Environmental Law News Update

June 4, 2019

In this latest Environmental Law News Update, Charles Morgan, Gordon Wignall and Natasha Hausdorff consider the anxiety over water resources in the UK, a DEFRA report into the progress of the reform of water abstraction in England and a challenge from ClientEarth over Highways England’s lack of progress over plans to cut pollution on its road network.

 

Saving it for a rainless day

Our contributor resident in the north-east of England has constant difficulty in persuading his southern colleagues that Newcastle upon Tyne suffers no more rainfall than London, as is in fact the case here

The map reveals that the true divide in this respect is not north-south but east-west, for the simple reason that the prevailing westerly winds blow in from the Atlantic and shed most of their load on reaching land. East of the Pennine Hills, there is a water shadow. One consequence is that the eastern regions suffer the greater risk of drought, and this year is proving no exception. Today, water company CEOs will join Sir James Bevan, chief executive of the Environment Agency to discuss current anxieties over water resources. You may not have noticed, but there’s been a bit of a drought already this spring (a good pub quiz question: what is statistically the driest month of the year in London? Answer: March). Last summer and autumn were also exceptionally dry. The result is that some rivers in the south-east presently have only 20% of typical flow. Indeed, so severe is the position that even United Utilities and Welsh Water, in the wetter west, are at some, albeit lesser, risk. Not for nothing did Sir James deliver a speech in March about water shortages entitled “Escaping the Jaws of Death: ensuring enough water in 2050”.

Ironically, one of the regions least at risk on resources is the north-east of England. Not because of its natural rainfall (see above) but thanks to Kielder Water. Located in north-west Northumberland, it is northern Europe’s largest man-made lake and an asset of Northumbrian Water (valued at £1 on privatisation). It holds ten times as much water as the largest reservoir in Yorkshire. As noted by Lord Bridge in the House of Lords in National Rivers Authority v The Newcastle & Gateshead Water Company [1990] RVR 48: “The Kielder facilities are described in the judgment of the Court of Appeal as a white elephant since, up to 1989, the natural flow of the region’s rivers had proved sufficient to meet the region’s demands for water without augmentation. In the summer of 1990, however, while the rest of the country was suffering a severe drought, the Kielder facilities enabled the authority’s area to escape its effects.”

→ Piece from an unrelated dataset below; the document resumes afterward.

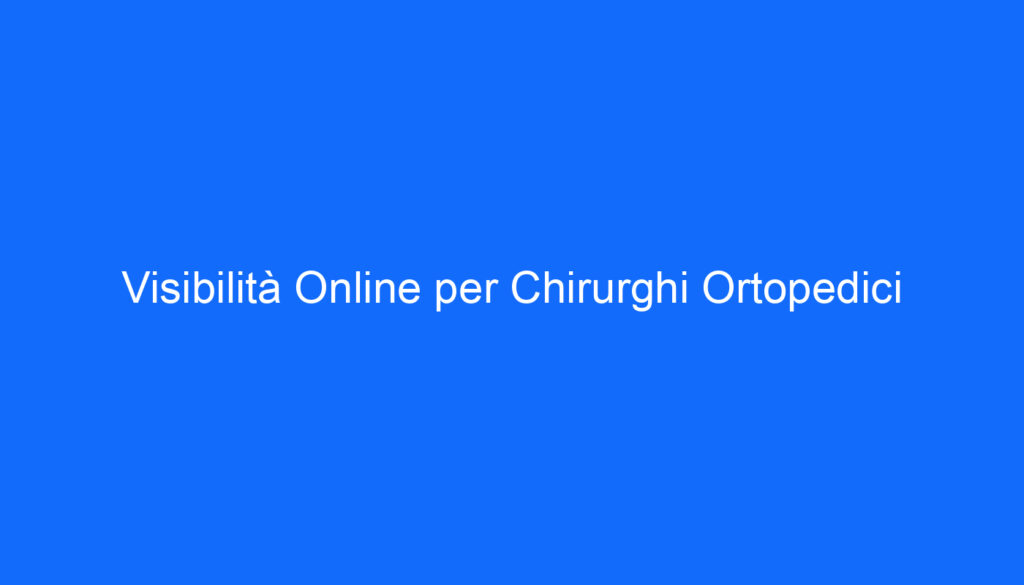 Visibilità Online per Chirurghi Ortopedici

This has remained the case ever since. Indeed during the drought of 1995, water from the Northumbrian system contributed to saving Yorkshire Water (and indeed Yorkshire itself) from disaster. Older readers may recollect the news footage of an endless fleet of tankers (designed for carrying everything from milk to petrol) streaming down the A1 in convoy 24/7 to replenish local reservoirs, where the scene resembled a “tanker city”. The area around Bradford came within two weeks of a rota of alternate days of water connection and disconnection. There was even a plan for mass evacuation. Since then, the Northumbrian network has been linked by pipework to the Yorkshire network at a cost of £50m so that Kielder can if need be supply Yorkshire rivers via the river Tees in a more orderly manner, thereby escaping the Jaws of Death. The rest of the country remains in a less fortunate position at times of water stress and there is no room for complacency that the circumstances in Yorkshire in 1995 could not be repeated elsewhere.

 

DEFRA water abstraction report May 2019

DEFRA has recently published its report into the progress of the reform of water abstraction in England, a report required by s.57 of the Water Act 2014.

The requirement for reform of the abstraction system has been a primary consideration of Parliament in relation to water since the Flood and Water Management Act 2010 and the December 2011 Water White Paper. DEFRA described proposals as unambitious, and the original timescale was brought forward.

DEFRA’s intention, at the hands of the EA as regulator, is to achieve “sustainable abstraction”. The aim is for its reforms to be brought about on a voluntary basis, but if regulatory intervention is needed, then the EA will exercise its formidable and wide discretionary powers.

One aim is to revoke unused abstraction licences, DEFRA being concerned that if they start to be used then this will impact on the deterioration of water stocks. 650 licences have been revoked, the EA having written to 4,500 abstractors inviting them to consider reducing or surrendering their licences.

282 licences have been amended or revoked under the Restoring Sustainable Abstraction programme in order to rectify environmental damage, and the programme will be completed by 2020.

1,077 of the 2,300 abstraction licences due to end by 2021 have been reviewed, the EA having an opportunity to make changes when a licence comes to an end and a new application has to be made. 5,000 of the 17,500 licences in force are time-limited.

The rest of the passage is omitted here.